*Task directions*: Begin at the top of the entries below and write out every line through the one containing "KISS Magnetic Eyeliner, Black, 0.16", excluding pictures.

*Data extracts*:

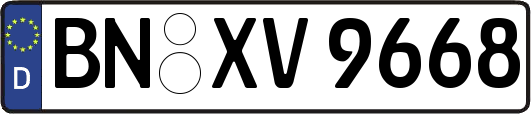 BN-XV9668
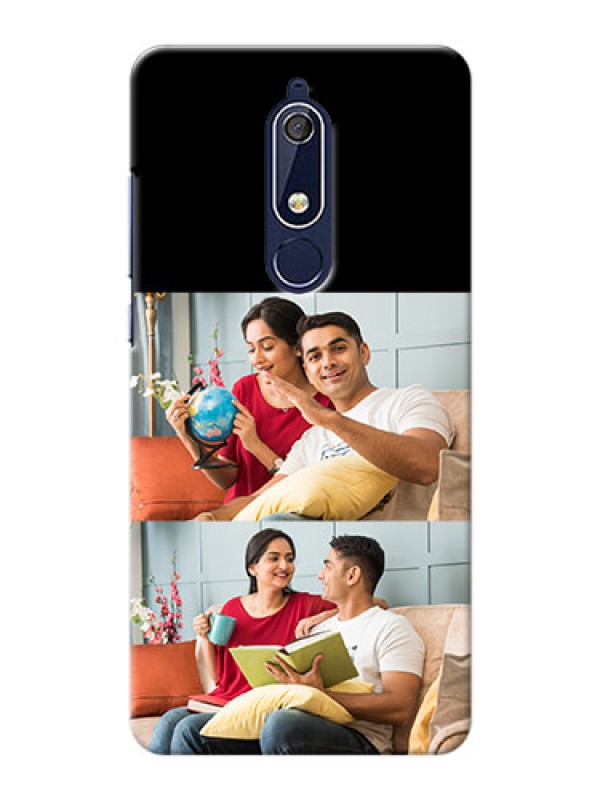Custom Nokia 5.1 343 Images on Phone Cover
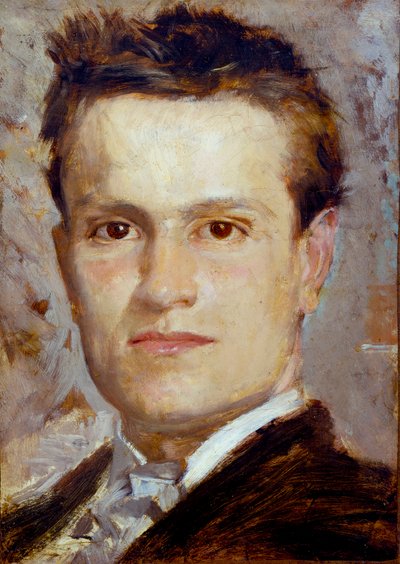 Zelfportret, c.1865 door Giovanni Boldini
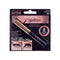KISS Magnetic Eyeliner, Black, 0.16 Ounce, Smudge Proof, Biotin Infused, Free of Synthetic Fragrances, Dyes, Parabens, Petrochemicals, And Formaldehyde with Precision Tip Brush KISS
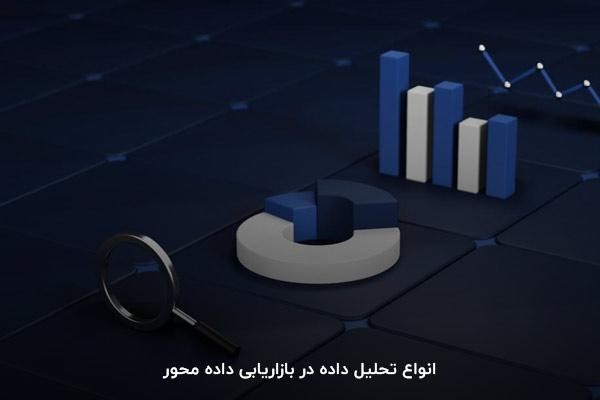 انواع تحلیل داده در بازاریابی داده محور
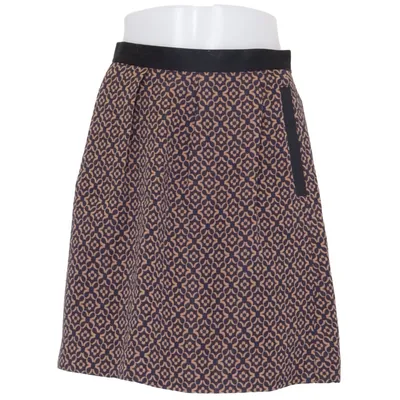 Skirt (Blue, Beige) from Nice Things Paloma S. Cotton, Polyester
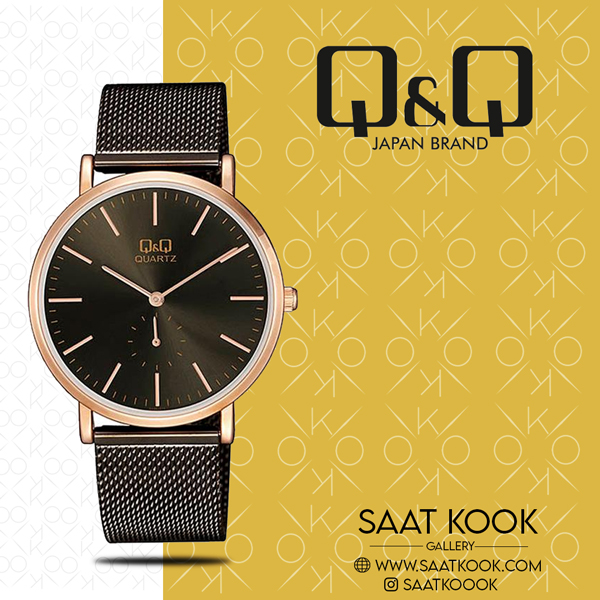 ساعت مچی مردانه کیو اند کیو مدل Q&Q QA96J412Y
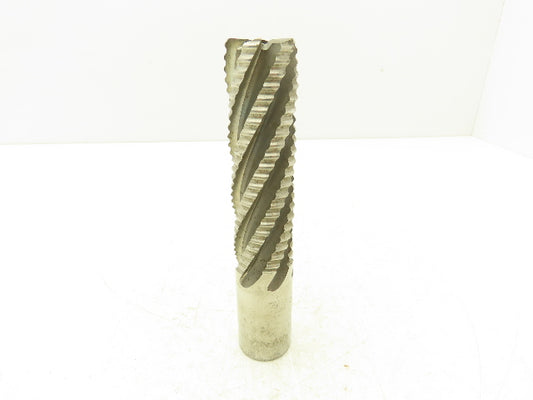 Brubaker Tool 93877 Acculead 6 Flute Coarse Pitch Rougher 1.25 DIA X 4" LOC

*Problem solution*:
 BN-XV9668
Custom Nokia 5.1 343 Images on Phone Cover
 Zelfportret, c.1865 door Giovanni Boldini
KISS Magnetic Eyeliner, Black, 0.16 Ounce, Smudge Proof, Biotin Infused, Free of Synthetic Fragrances, Dyes, Parabens, Petrochemicals, And Formaldehyde with Precision Tip Brush KISS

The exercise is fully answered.